= Thomas O'Neill (journalist) =

American journalist

Thomas M. O'Neill (December 26, 1904 – April 9, 1971) was an American journalist. His work while at the Baltimore Sun landed him on the White House "Enemies List" compiled by the staff of President Richard Nixon.

Born in Norfolk, Virginia, he attended public schools in Palmetto, Florida. He worked as a reporter for the Baltimore News and later the Baltimore Evening Sun and Baltimore Morning Sun, covering almost every beat. His work was complimented by H. L. Mencken, and he moved up to covering state politics. He became, successively, a national political writer (starting with covering the Al Smith presidential campaign in 1928), the Sun's correspondent in London at the height of World War II, a foreign correspondent who made studies of postwar conditions in Greece, France and the Low Countries. His work was hailed by, among others, New York Times columnist Russell Baker (in his book Good Times) and by essayist and BBC correspondent Alistair Cooke, who described O'Neill's coverage of the trials of Alger Hiss as "incomparable" in A Generation on Trial.

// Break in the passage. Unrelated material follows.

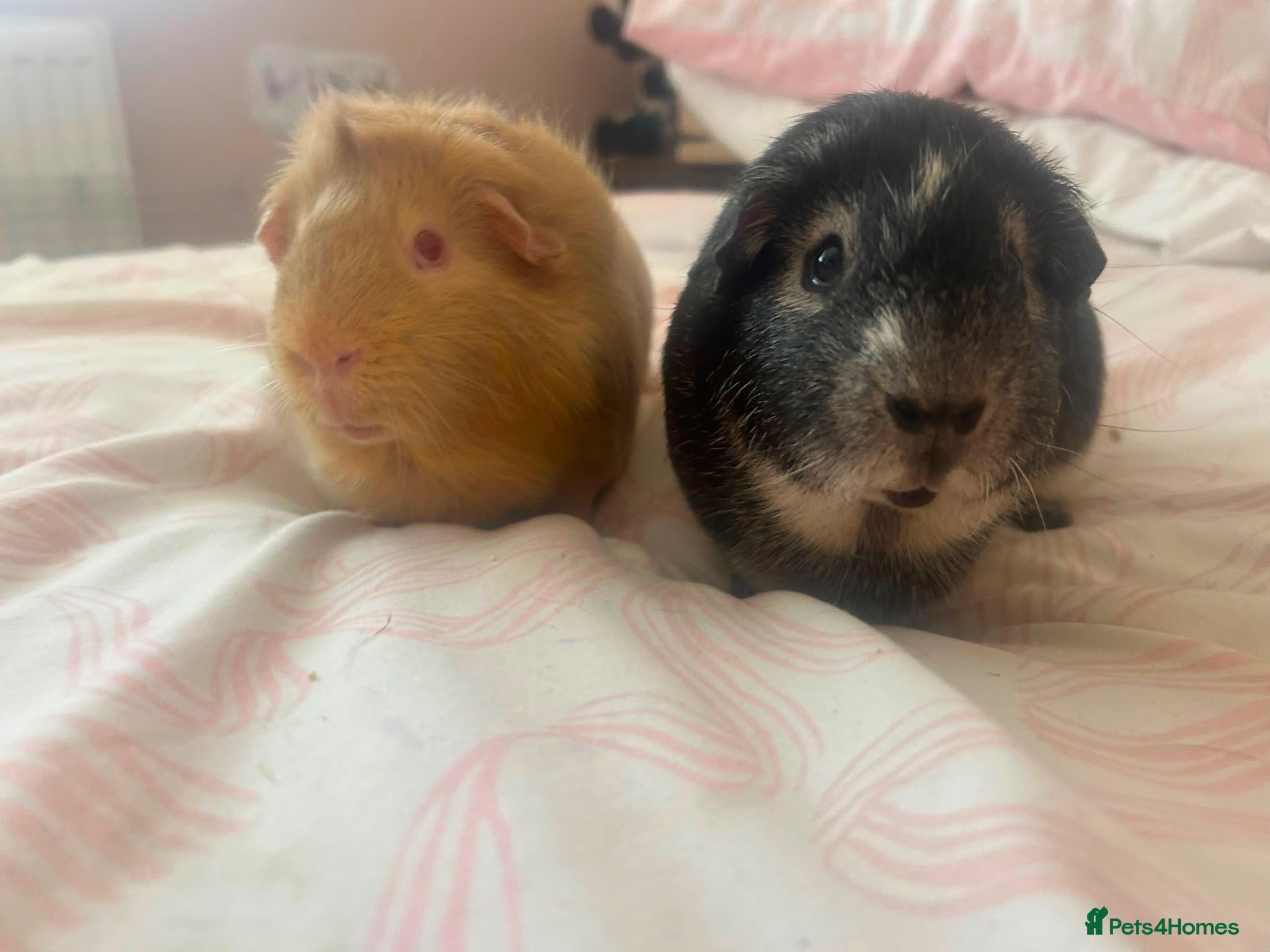 Guinea Pig rodents 2 x male guinea pigs for sale  - Advert 1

In 1943, he opened the London bureau of the Sun to cover war news and remained in Europe for the duration. This period of his career is described in Combat Correspondents—The Baltimore Sun in World War II, written by former Sun editorial page editor Joseph R.L. Sterne and published by the Maryland Historical Society.

It was during his assignment to the Hiss case in the early 1950s that he first met Richard Nixon. O'Neill covered at least 16 national political conventions up through those that nominated Hubert Humphrey and Nixon in 1968, with the exception of the years he worked abroad. For almost 20 years, starting in 1953, he wrote a column, "Politics and People," that appeared in the morning Sun and was syndicated to many other papers.

O'Neill died in Baltimore, Maryland in 1971. The "Sun" marked his passing with an editorial that observed, "his standards of public morality were so high that not many could measure up to them. Looking always for honest men, he found but a few in public life whose motives were not those of self-serving expediency; and he said so. That politicians often quailed under his gaze was no wonder, for the gaze was piercing."